EXERCISE INPUTS: Begin
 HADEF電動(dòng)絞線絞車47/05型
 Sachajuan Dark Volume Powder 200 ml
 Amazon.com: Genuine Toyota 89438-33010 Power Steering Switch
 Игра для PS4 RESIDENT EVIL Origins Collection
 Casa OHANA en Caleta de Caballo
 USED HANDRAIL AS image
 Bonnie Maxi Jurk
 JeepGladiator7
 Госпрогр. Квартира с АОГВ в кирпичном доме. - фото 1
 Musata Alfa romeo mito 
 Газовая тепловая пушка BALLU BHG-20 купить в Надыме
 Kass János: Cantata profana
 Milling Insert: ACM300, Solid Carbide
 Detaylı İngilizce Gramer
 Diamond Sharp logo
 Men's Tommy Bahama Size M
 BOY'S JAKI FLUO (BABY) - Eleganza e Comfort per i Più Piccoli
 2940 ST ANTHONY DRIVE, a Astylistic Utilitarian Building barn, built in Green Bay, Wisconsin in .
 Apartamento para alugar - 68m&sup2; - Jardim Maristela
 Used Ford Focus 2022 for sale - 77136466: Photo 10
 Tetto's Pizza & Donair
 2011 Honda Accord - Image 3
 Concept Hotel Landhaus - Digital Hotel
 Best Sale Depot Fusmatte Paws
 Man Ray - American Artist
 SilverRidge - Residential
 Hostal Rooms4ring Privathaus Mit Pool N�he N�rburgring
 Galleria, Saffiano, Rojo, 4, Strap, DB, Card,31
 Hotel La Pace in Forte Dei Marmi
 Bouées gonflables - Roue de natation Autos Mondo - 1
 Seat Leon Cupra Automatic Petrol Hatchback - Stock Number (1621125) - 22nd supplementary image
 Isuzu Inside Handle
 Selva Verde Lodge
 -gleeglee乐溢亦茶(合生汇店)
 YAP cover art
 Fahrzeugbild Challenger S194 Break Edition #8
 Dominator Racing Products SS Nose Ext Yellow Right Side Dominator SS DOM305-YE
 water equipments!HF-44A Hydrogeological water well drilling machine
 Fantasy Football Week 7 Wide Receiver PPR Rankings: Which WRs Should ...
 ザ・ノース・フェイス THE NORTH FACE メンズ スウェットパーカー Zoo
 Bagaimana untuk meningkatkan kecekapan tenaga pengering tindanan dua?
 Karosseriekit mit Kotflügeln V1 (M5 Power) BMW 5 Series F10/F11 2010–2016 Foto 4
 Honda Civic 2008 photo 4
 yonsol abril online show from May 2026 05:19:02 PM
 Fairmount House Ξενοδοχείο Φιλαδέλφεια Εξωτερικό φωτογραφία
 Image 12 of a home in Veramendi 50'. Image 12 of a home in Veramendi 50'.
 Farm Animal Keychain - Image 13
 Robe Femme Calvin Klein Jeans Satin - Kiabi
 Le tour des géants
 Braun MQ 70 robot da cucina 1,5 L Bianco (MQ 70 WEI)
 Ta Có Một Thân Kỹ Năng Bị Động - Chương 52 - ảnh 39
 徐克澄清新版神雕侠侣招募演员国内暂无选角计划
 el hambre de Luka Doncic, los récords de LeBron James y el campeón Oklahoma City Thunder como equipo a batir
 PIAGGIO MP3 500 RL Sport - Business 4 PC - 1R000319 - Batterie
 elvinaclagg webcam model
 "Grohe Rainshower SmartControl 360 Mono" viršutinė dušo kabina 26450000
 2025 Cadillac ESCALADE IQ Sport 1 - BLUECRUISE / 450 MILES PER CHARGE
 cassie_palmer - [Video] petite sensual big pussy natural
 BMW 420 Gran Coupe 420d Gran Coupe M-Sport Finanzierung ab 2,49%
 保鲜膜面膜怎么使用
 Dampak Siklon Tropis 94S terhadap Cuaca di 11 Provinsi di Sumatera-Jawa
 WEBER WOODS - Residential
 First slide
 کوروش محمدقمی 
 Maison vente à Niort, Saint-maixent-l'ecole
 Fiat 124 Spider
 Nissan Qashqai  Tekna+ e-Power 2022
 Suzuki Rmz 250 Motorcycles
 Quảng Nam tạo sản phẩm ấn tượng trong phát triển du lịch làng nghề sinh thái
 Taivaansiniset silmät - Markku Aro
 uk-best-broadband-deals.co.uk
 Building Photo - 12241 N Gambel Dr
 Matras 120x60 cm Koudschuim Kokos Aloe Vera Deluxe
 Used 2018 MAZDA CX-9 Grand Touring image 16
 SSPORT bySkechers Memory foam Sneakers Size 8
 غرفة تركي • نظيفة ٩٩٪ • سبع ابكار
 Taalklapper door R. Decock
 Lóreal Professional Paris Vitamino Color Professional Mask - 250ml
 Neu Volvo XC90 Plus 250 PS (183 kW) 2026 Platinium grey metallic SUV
EXERCISE INPUTS: End
→ WHAT YOU ARE ASKED TO DO
Word for word, repeat the line holding "ザ・ノース・フェイス THE NORTH FACE メンズ スウェットパーカー Zoo" and all lines after it through the end of the entries above.

→ ANSWER TO THE PROBLEM
 ザ・ノース・フェイス THE NORTH FACE メンズ スウェットパーカー Zoo
 Bagaimana untuk meningkatkan kecekapan tenaga pengering tindanan dua?
 Karosseriekit mit Kotflügeln V1 (M5 Power) BMW 5 Series F10/F11 2010–2016 Foto 4
 Honda Civic 2008 photo 4
 yonsol abril online show from May 2026 05:19:02 PM
 Fairmount House Ξενοδοχείο Φιλαδέλφεια Εξωτερικό φωτογραφία
 Image 12 of a home in Veramendi 50'. Image 12 of a home in Veramendi 50'.
 Farm Animal Keychain - Image 13
 Robe Femme Calvin Klein Jeans Satin - Kiabi
 Le tour des géants
 Braun MQ 70 robot da cucina 1,5 L Bianco (MQ 70 WEI)
 Ta Có Một Thân Kỹ Năng Bị Động - Chương 52 - ảnh 39
 徐克澄清新版神雕侠侣招募演员国内暂无选角计划
 el hambre de Luka Doncic, los récords de LeBron James y el campeón Oklahoma City Thunder como equipo a batir
 PIAGGIO MP3 500 RL Sport - Business 4 PC - 1R000319 - Batterie
 elvinaclagg webcam model
 "Grohe Rainshower SmartControl 360 Mono" viršutinė dušo kabina 26450000
 2025 Cadillac ESCALADE IQ Sport 1 - BLUECRUISE / 450 MILES PER CHARGE
 cassie_palmer - [Video] petite sensual big pussy natural
 BMW 420 Gran Coupe 420d Gran Coupe M-Sport Finanzierung ab 2,49%
 保鲜膜面膜怎么使用
 Dampak Siklon Tropis 94S terhadap Cuaca di 11 Provinsi di Sumatera-Jawa
 WEBER WOODS - Residential
 First slide
 کوروش محمدقمی 
 Maison vente à Niort, Saint-maixent-l'ecole
 Fiat 124 Spider
 Nissan Qashqai  Tekna+ e-Power 2022
 Suzuki Rmz 250 Motorcycles
 Quảng Nam tạo sản phẩm ấn tượng trong phát triển du lịch làng nghề sinh thái
 Taivaansiniset silmät - Markku Aro
 uk-best-broadband-deals.co.uk
 Building Photo - 12241 N Gambel Dr
 Matras 120x60 cm Koudschuim Kokos Aloe Vera Deluxe
 Used 2018 MAZDA CX-9 Grand Touring image 16
 SSPORT bySkechers Memory foam Sneakers Size 8
 غرفة تركي • نظيفة ٩٩٪ • سبع ابكار
 Taalklapper door R. Decock
 Lóreal Professional Paris Vitamino Color Professional Mask - 250ml
 Neu Volvo XC90 Plus 250 PS (183 kW) 2026 Platinium grey metallic SUV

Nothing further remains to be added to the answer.